Eliminate this doubt, along with all of the other variables that start to make customers rethink their desire to purchase your products and services.
Start displaying the checkout total price in the customer’s foreign currency to achieve the following:
- Remove payment doubts
- Instant familiarity with the payment currency
- Complete understanding of the price to be paid in cash, charged or transfered
- Customer trust continues from the seamless shopping experience
- Payment UX is equivalent when purchasing domestically and with cross-border ecommerce merchants
Success: Removal of barriers for the customer to feel confident and press the ‘pay now’ button.
Ecommerce Merchant Benefits
- Process more sales
- Increase conversion rates
- Access new revenue by appealing to customers that did not understand or know that they could make a purchase for a product or service priced in USD
- Continue to receive payment settlements in USD
Success: Increase revenue by providing a seamless UX while browsing, selecting items and payment.
Implementing the strategy: How to show prices in the local foreign currency
I promised that I would take only seven minutes of your time and time is ticking. So, let’s jump straight to the solution, an integration.
To provide a complete payment experience that customers trust by displaying the checkout total in their local foreign currency you will need to integrate with a local payment processor.
Offering this service has never been easier. Take the solutions designed by EBANX for instance. A successful integration with your ecommerce website will enable you to show final checkout pricing in the local foreign currency. How does it work?
Depending on your website’s platform, there are plugins, modules, extensions, and whole checkout page solutions to start selling more in Latin America.
Product prices will continue to be shown in USD on your product pages (so you do not have to make any changes!). However, on the checkout page, when the consumer selects their nation, the total checkout price will be displayed in their currency including any mandatory government taxes.
The total shown in local currency on the checkout page is the final price to be paid by your shopper.
This amount will be printed on the boleto and paid in cash throughout Brazil, processed through a bank transfer via SPEI in Mexico, debited from a bank account with WebPay in Chile or charged on your customer’s monthly domestic credit card statement in Colombia.
Your customer can rest assured that there will be no hidden surprises, exchange rate fluctuations or additional taxes applied beyond the final prices displayed at checkout.
Let’s see how this would appear and function on your ecommerce store if you had an Woocommerce account and were to opt for using the EBANX plugin.
1. The product price on your website continues to be displayed in USD. No changes are made to your website:
Note: In Brazil, customers will be charged a mandatory IOF tax (Imposto sobre Operações Financeiras).
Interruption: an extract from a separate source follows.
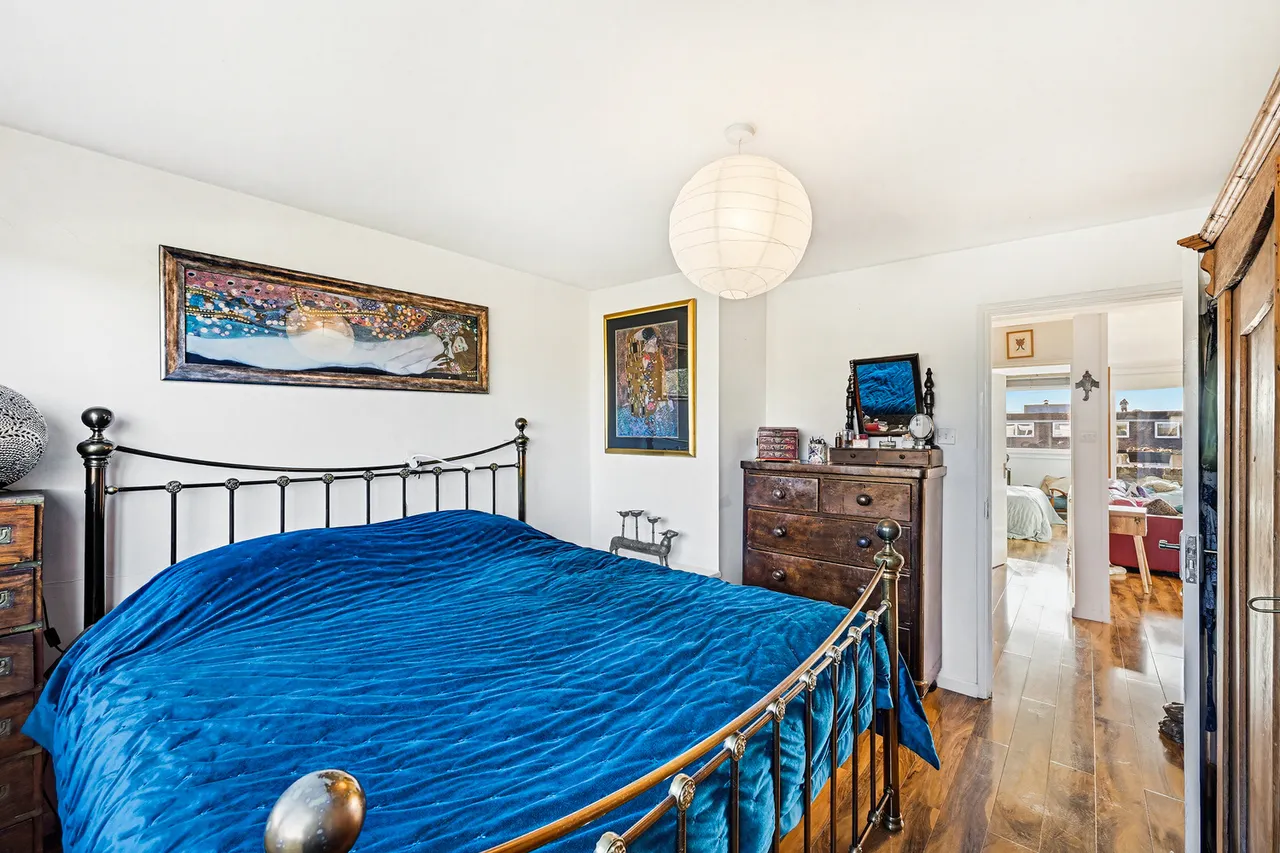 Justin Close, Brentford, TW8, photo 13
This tax is known to consumers as a part of their online cross-border shopping experience:
The conclusion is just the beginning
With this new insight, start planning and implement a solution to take advantage of this strategy and improve your sales. As an international merchant selling in nations where you may not have a physical presence, are continuing to build your consumer base or do not have the same level of brand recognition that you have in your home market – doing all that you can to build customer trust and simplify the purchasing experience is key.